Harnessing big data for effective and cost-efficient CEM
Of all the technology changes in the past three years perhaps the most significant has been the revolution that is underway with data. So called “big data” has enabled progressive enterprises to act smarter, be operationally more efficient and treat their customers better.
At the heart of the revolution has been the rapid acceptance of open source technologies collectively referred to as Hadoop. Hadoop clusters and technologies are being adopted by CSPs to support their current data needs taking advantage of the lower cost infrastructure and its ability to scale to support large data sets, says Marc Price, VP Technology, Openet.
But adoption is just beginning. On the telco side, a recent report from McKinsey suggests that relatively few telcos have adopted big data architectures, and associated analytics technologies, to derive meaningful benefits. However, a small group has achieved outsized profits from such investments.
The case for CEM
The telecoms industry is in the unique position of having an abundance of data at the CSP’s disposal to gain an understanding of all subscribers’ customer experience. However big data challenges of volume, variety and velocity of data are more significant in telecoms than other industries. They must be resolved with solutions fit for purpose to avoid unnecessarily costly and unmanageable environments.
Finding a strong use case for big data is the most likely route to gaining credibility within a CSP. One of the strongest drivers has been the use of Hadoop for customer experience management (CEM). CEM requires the combining of data from many different sources to create a 360-degree view of each subscriber. This requires the use of very large data sets and the running of complex models to understand different aspects of the customer.
Big data technologies, including technology covered within Hadoop distributions, provide an important role in supporting an analytics infrastructure that scales to viably meet the rigorous demands at CSPs.
Big Data challenges
CEM looks to understand a customer through the collection and analysis of data points that systems, surveys, interactions or external data have captured about a subscriber. This data is used to monitor each subscriber and the service performance, and by so doing enable CSP’s to manage each customer’s experience.
But these CEM projects will need industry specific knowledge to ensure that only relevant data is captured, from the right data source with the correct frequency needed to support the CSP’s requirements.
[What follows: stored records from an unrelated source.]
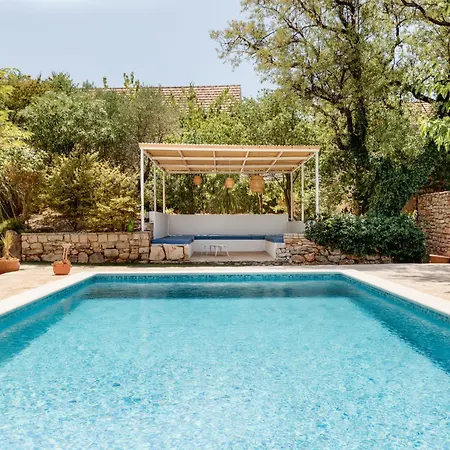 Villa Estelle, Timeless Design In Ancient Stone *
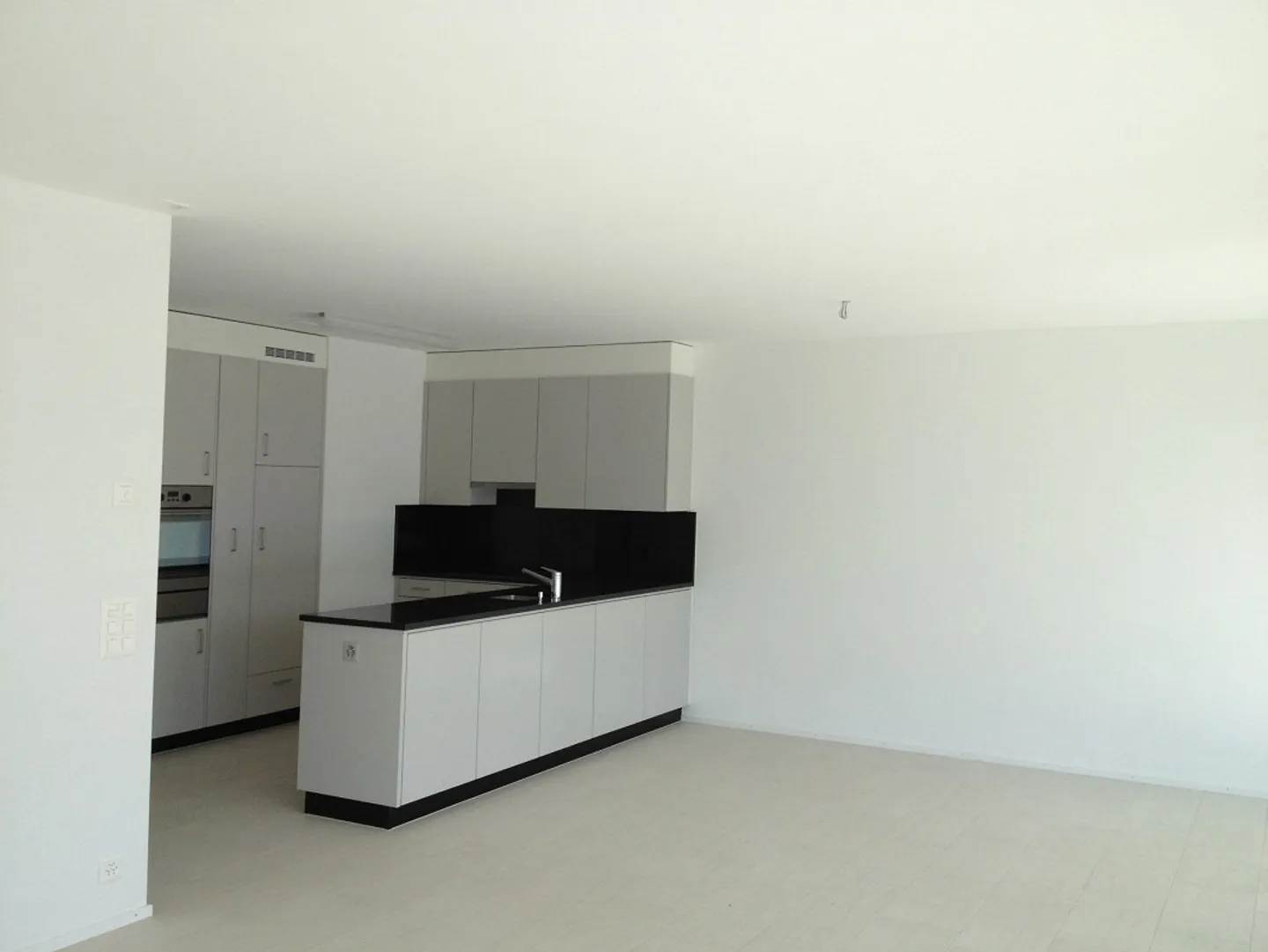 Appartement moderne de 4,5 pièces dans la région de Grisons - Photo 2 sur 9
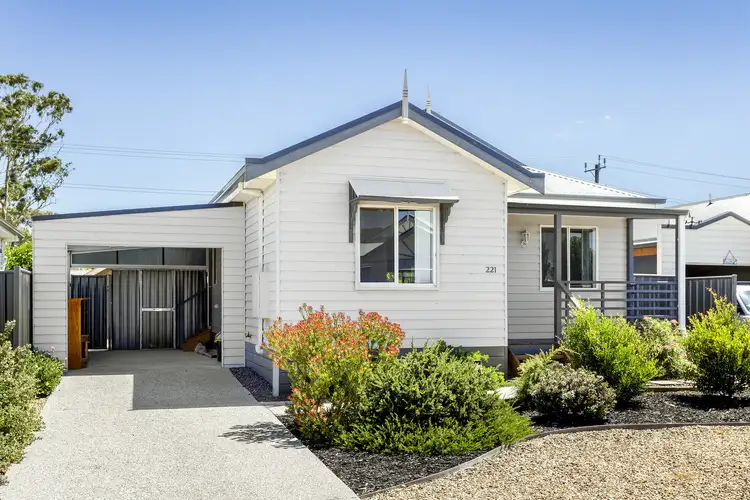 221/40 Watt Street, Lara VIC 3212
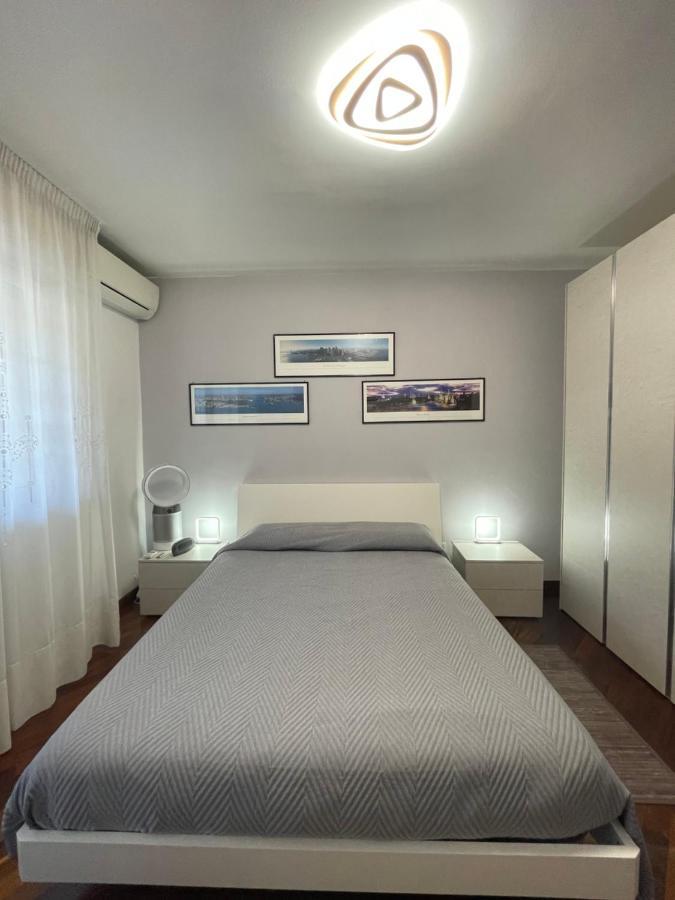 Stanza Eur Tintoretto Habitación en casa particular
This can be helped by the use of industry specific solutions for data preparation.
One of the problems with big data projects is that historically data preparation typically takes 50-70% of a big data analytics project’s time and effort. With data volumes and complexity increasing it’s clear that CSPs will need to examine methods and systems to reduce the timescales and effort needed in data preparation.
Knowledge is power
Specialisation in telecoms data is as key here. As telco data is unique, having a deep understanding of this data and the business drivers specific to the industry serve to reduce the workload of data prep. This includes the cyclical effort of finding data, building models and refinement by supporting the more common business requirements, and having knowledge of what different data sets to collect and how to collect them.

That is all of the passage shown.